■ Instructions to follow: Output only the lines that run from the one with "Free vector friendship" to the final line of the material, exactly as they are written.

■ Data to process:
Content starts
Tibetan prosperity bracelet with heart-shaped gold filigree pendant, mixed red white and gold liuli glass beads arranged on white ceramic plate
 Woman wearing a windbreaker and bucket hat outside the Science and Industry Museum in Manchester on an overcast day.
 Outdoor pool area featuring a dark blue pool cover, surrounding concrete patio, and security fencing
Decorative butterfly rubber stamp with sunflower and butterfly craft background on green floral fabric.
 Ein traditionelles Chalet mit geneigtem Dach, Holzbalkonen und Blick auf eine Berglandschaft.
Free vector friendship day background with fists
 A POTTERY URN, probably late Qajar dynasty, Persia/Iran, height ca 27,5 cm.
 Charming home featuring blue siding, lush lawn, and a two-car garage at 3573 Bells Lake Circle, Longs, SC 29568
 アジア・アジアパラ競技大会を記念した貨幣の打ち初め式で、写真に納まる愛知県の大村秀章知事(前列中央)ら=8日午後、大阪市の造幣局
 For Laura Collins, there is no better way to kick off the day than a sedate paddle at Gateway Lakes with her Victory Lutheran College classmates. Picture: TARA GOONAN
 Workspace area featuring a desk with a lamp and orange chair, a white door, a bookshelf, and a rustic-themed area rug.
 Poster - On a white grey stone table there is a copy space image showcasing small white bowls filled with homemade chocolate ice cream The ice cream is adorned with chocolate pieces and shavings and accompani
Content ends
■ Answer to the exercise:
Free vector friendship day background with fists
 A POTTERY URN, probably late Qajar dynasty, Persia/Iran, height ca 27,5 cm.
 Charming home featuring blue siding, lush lawn, and a two-car garage at 3573 Bells Lake Circle, Longs, SC 29568
 アジア・アジアパラ競技大会を記念した貨幣の打ち初め式で、写真に納まる愛知県の大村秀章知事(前列中央)ら=8日午後、大阪市の造幣局
 For Laura Collins, there is no better way to kick off the day than a sedate paddle at Gateway Lakes with her Victory Lutheran College classmates. Picture: TARA GOONAN
 Workspace area featuring a desk with a lamp and orange chair, a white door, a bookshelf, and a rustic-themed area rug.
 Poster - On a white grey stone table there is a copy space image showcasing small white bowls filled with homemade chocolate ice cream The ice cream is adorned with chocolate pieces and shavings and accompani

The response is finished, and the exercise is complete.